On 2/10/10 Feb 10 -2:05 PM, james anderson wrote:
good evening;
my usual question: is this necessary in this form? i pose the question from the perspective that a change from a context free interpreter to a context-sensitive one is rather more drastic than just getting dynamic bindings right. two simple questions occurred immediately.
the change reads as if any link to a predecessor entails a recursive dependency? does this really mean that, if one file changes three levels down in a referenced module, the entire referencing module is to be forced? would there not be advantage to introducing a "recursively-depends- on" relation to the effect?
Yes. That's what it means. E.g. if you have changed the definition of a system X and system Y depends on X, system Y will be recompiled.
I'm with Fare in thinking that this is desirable. If I change an upstream library, I don't want to have stale dependent files lying around. This is a conservative approach, but I'm willing to spend the machine cycles to save me the subtle oddities that occur when downstream Y is stale wrt X.
The problem is that, given the class structure in ASDF (system ISA module), it is very difficult to do something more refined without breaking this case:
(defsystem foo :components ((:file "file1") (:module "quux" :depends-on ("file1") :components (:file "file2"))))
In this case, in classic ASDF, a change to "file1" will /not/ trigger a change to "file2".
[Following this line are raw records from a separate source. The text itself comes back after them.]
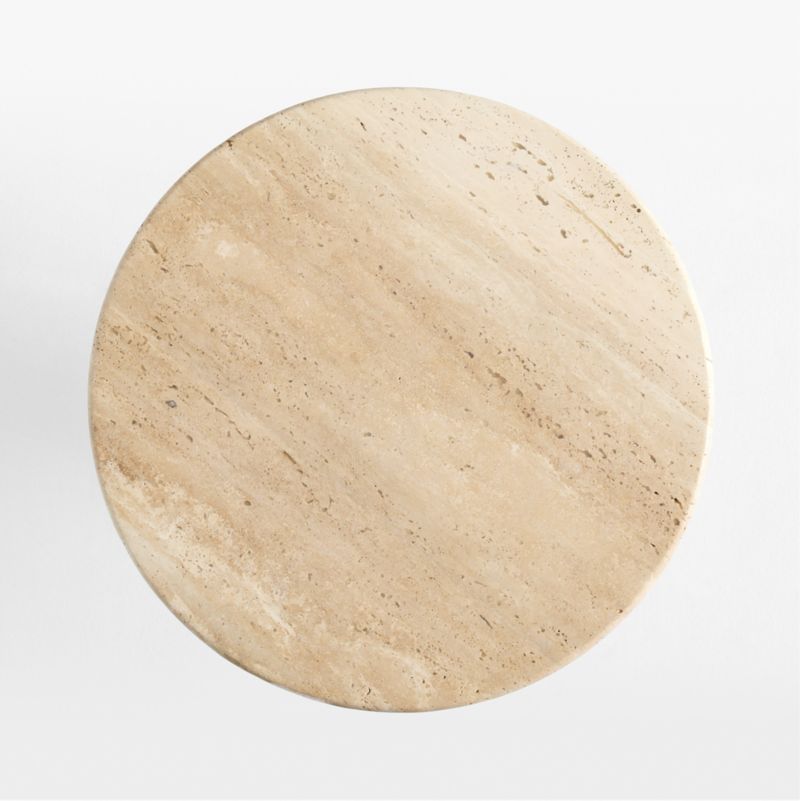 Telephone Travertine 20" Side Table, Set of 2 by Laura Harrier & Tiffany Howell - image 6 of 8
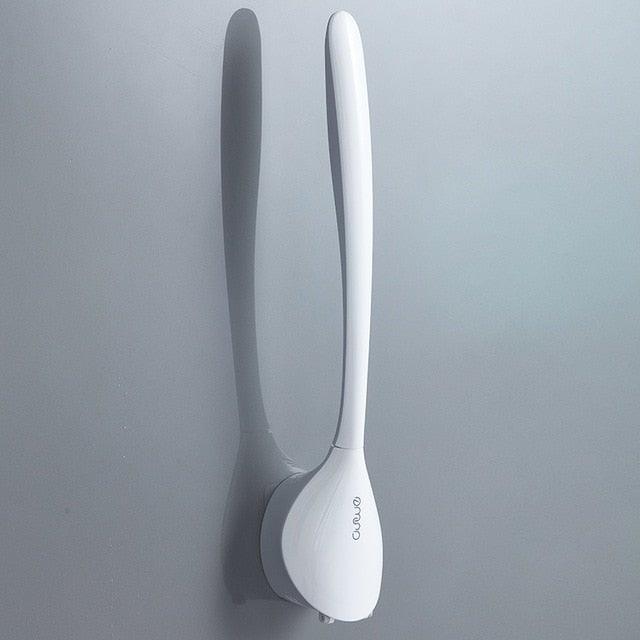 Premium Silicone Head Toilet Brush with Stainless Steel Handle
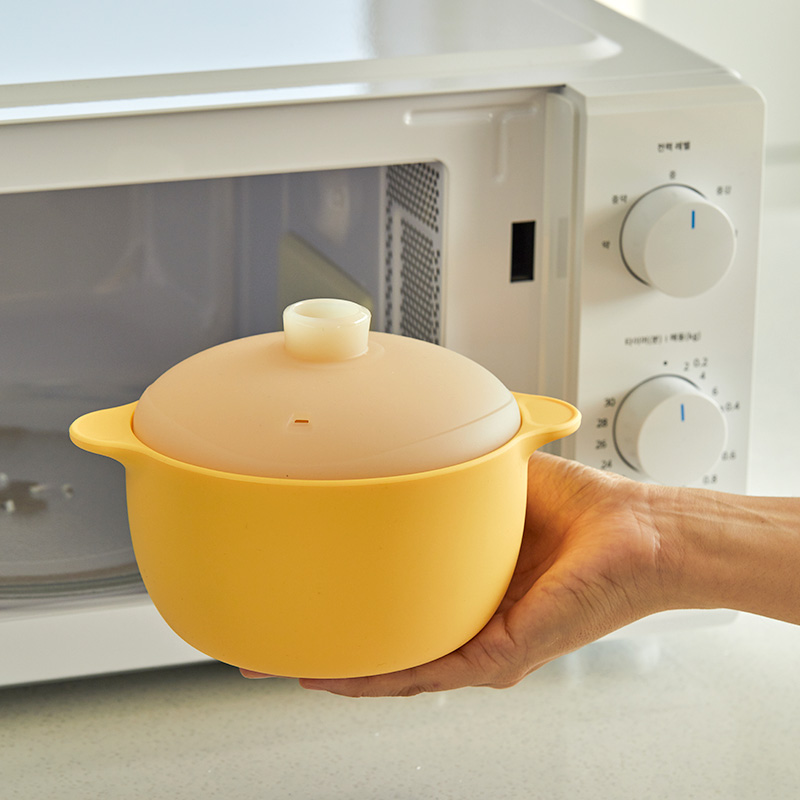 잼먹 이유식찜기 800ml 미니 실리콘 전자렌지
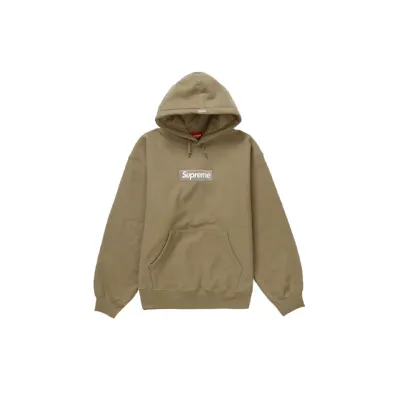 Top Quality Supreme Box Logo Hooded Sweatshirt Dark Sand(out of stock) 01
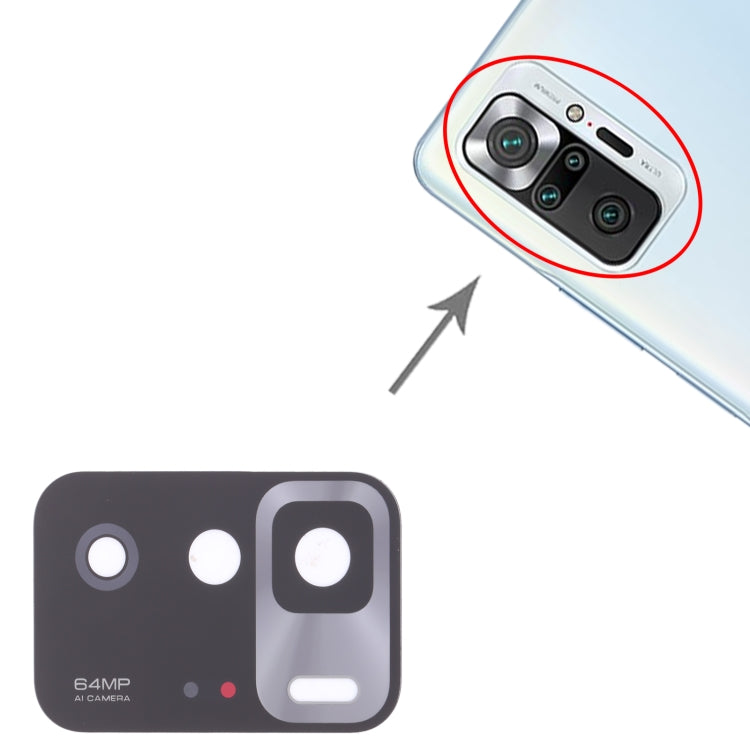 10 PCS Back Camera Lens for Xiaomi Redmi Note 10 Pro 5G / Poco X3 GT - Camera by buy2fix | Online Shopping UK | buy2fix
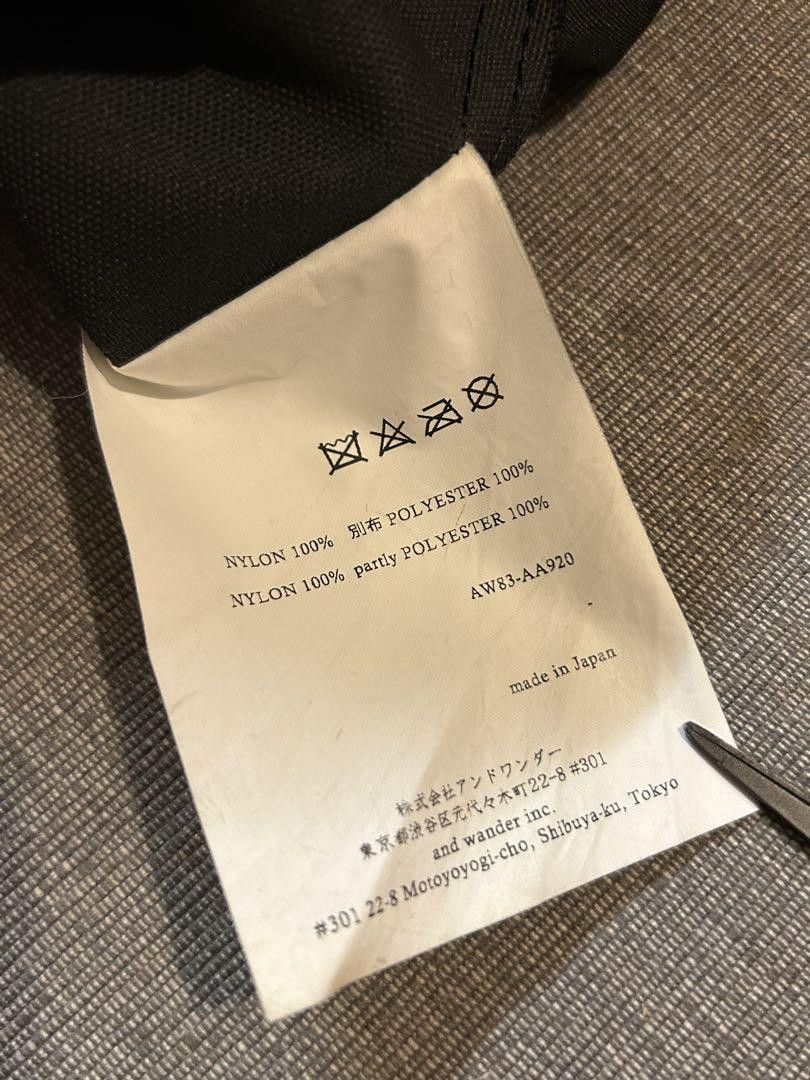And Wander Cordura Nylon 2 Way Sacoche Bag Size ONE SIZE - 12 Thumbnail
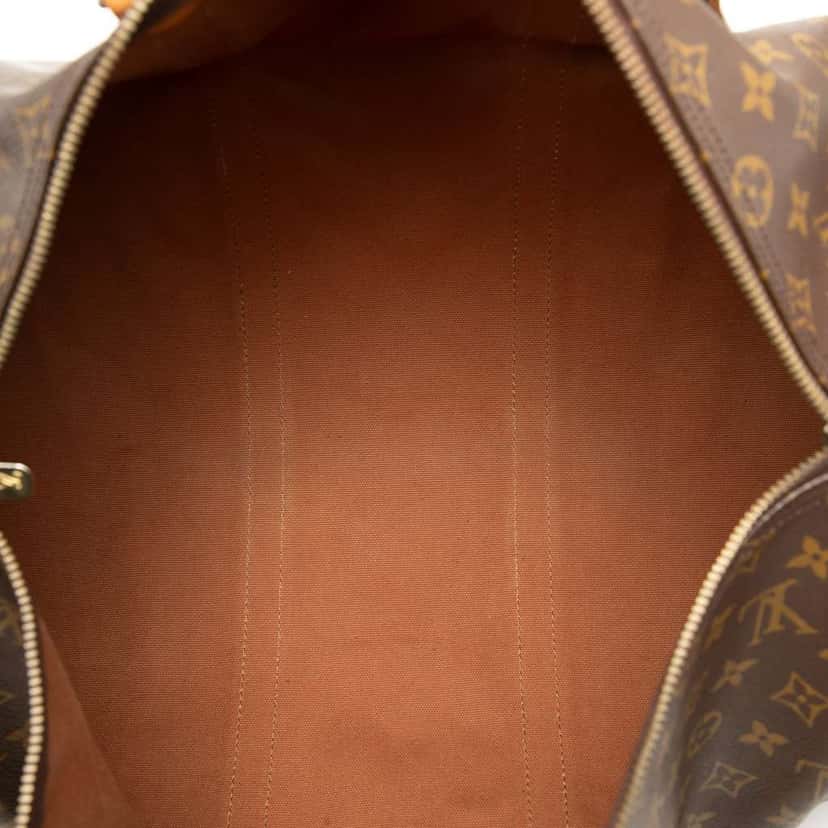 Louis Vuitton Monogram Keepall 50 Brown Good condition - Model View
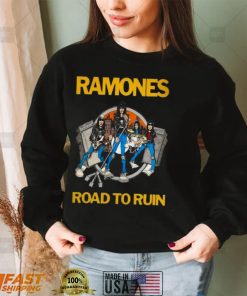 Ramones Road To Ruin T Shirt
the asdf notation expresses two related, but independent constraints ambiguously, in that the only means it has is the appearance of a requirement in a list, despite that the actual constraints are operation order and, in addition, operation necessity.
is it true that both are always intended? is so, in what remains to "module" from any of the associations of "modularity", if in fact the respective constituents are not dependent? isn't this some manner of abstraction destruction?
I disagree in two ways:
1. I don't think module has strong meaning. It just means "intermediate component," IMO.
2. You can't have abstraction as in other languages in CL because CL does not have defined interfaces. You can't tell, in the X, Y case above, whether a change to X has changed the API wrt Y or not. To do so you would have to grovel over the definitions of X arbitrarily deeply. I haven't thought about this hard enough even to determine whether this operation is decidable... In that circumstance, you are left with either (a) conservative approach, recompile Y, or (b) optimistic approach, assume Y is still valid. I have a personal preference for (a) (I prefer to expend my Mac's cycles in place of my own) and believe that (a) is further indicated because it's much cleaner to fix the intra-system module dependencies in ASDF if you take approach (a).
We should probably explore this issue more deeply before we close it out --- that's why this is being done on a branch!
I have a follow-up about incorrectness of the conservative approach which I will send later.